The work of Edward Baptist is built on an even more misleading myth, the myth that he is telling the half that has never been told. Rather than responding to criticisms of his argument and evidence claims that people who disagree with him refuse to accept the legitimacy of slave testimony. Ed Baptist speaks for the enslaved, like the Lorax speaks for the trees. If you disagree with him you are denying the voice of enslaved people. The fundamental problem with Baptist’s claim is that the story has been told. Unlike the trees, enslaved people spoke for themselves. Charles Ball and Solomon Northrup don’t need to be filtered through Baptist. The half has been told. If you haven’t heard it, it’s because you chose not to listen until a professor at a prestigious university said it. Moreover, the economic historians that disagree with Baptist have not at any point rejected the statements of former slaves about the brutality of slaveholders. Their arguments are premised on the belief that enslaved people were brutally beaten to force them to work at maximum effort. Instead they argue that these accounts by former slaves to not provide evidence that increases in productivity were the result of improvements in torture that led to improvements in picking techniques over time.     
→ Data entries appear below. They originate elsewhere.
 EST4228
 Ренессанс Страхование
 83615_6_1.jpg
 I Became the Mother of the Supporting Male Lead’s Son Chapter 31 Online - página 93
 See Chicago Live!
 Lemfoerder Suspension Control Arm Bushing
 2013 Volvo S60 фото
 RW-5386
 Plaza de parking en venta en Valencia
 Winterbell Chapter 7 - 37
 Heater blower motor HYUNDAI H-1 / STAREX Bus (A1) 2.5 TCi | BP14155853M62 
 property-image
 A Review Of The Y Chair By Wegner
Even if the most prominent authors in this field were not doing really bad history, one can question the extent to which capitalism is a useful construct for analysis. In this regard, Caitlin Rosenthal’s attempt to define capitalism is an interesting development among new historians of capitalism and I am curious to see how it plays out. It is new development because to the extent that other historians follow her, I think it will force people to confront the more fundamental question: Is capitalism a useful concept for the analysis of societies?
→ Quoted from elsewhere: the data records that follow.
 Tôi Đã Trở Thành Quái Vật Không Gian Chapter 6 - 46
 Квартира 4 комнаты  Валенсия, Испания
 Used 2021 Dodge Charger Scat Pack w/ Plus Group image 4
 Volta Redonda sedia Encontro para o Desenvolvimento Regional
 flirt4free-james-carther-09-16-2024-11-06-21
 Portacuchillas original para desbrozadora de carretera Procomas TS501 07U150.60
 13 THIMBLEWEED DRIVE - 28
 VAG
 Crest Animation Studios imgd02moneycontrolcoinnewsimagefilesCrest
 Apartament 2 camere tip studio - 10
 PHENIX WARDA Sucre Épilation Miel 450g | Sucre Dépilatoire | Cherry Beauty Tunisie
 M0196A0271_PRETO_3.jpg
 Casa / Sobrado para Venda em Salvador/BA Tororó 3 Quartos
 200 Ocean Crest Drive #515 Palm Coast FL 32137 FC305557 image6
Up to this point NHC have acted as if it is, but it is not clear to me that the work supports this conclusion. Beckert provides a good illustration of the problem. Beckert asserts that capitalism is not necessarily characterized by the things people normally associate with it:  wage labor, markets and contracts, property rights, and the rule of law. Sometimes it is associated with these things, but sometimes it is not. There are different capitalisms with different characteristics. But what makes a system capitalist as opposed to something else?  When discussing the expansion of cotton production in the Soviet Union, he explains that “Such recourse to the state in postcolonial and postcapitalist societies was not a return to the war capitalism of the eighteenth and early nineteenth centuries, but a sharpening of the tools and an enhancing of the methods of industrial capitalism.” (page 436) If the Soviet Union provides an illustration of industrial capitalism I’m left wondering if there is anything that is not capitalism. And if everything is capitalism what does the concept add to our understanding? Rather than using it as a tool, Beckert seems to toss the word capitalism in every once and a while, occasionally changing the adjective in front of it, to add a little flavor to the dish.  I think it is this sort of use of capitalism that prompted Lou Galambos to suggest that the NHC was primarily a clever marketing ploy.

Personally, I am skeptical of the extent to which capitalism can be a useful analytical concept. Economists, economic historians, and business historians do not seem to me to have had much success with it as a tool for analysis. Economics departments used to frequently have courses on Comparative Economic Systems, which were largely about comparing capitalism and socialism. Even before the fall of the Soviet Union and China’s turn toward markets these courses seemed to be running into a dead end. The differences among the capitalist and socialist countries often seemed more relevant the similarities. Economists generally turned to the analysis of specific institutions, rather than trying to classify entire systems.  It seems to me that much of the recent work in economic history has tended to undermine simple notions about capitalism. Things like individualism and private property seem to predate what had been thought of as the emergence of capitalism in England, and a lot of work since Pomeranz Great Divergence has challenged conventional notions about the significant differences between the West and the Rest.


I am not suggesting that historians abandon the study of capitalism. Historians can’t really avoid studying capitalism. “Capitalism” is a term that people have used for a long time to express their beliefs about certain kinds of economic systems since the early 19th century (according to my very old copy of Raymond Williams Keywords). To the extent that ideas about “capitalism” have played an important role in shaping people’s thoughts and actions historians must study “capitalism.” But, at least for the most part, this hasn’t been what the “new historians of capitalism” have been doing. The NHC treat capitalism as an analytic concept. They write as if there is an objective thing called capitalism that by means of historical analysis they can make concrete statements about.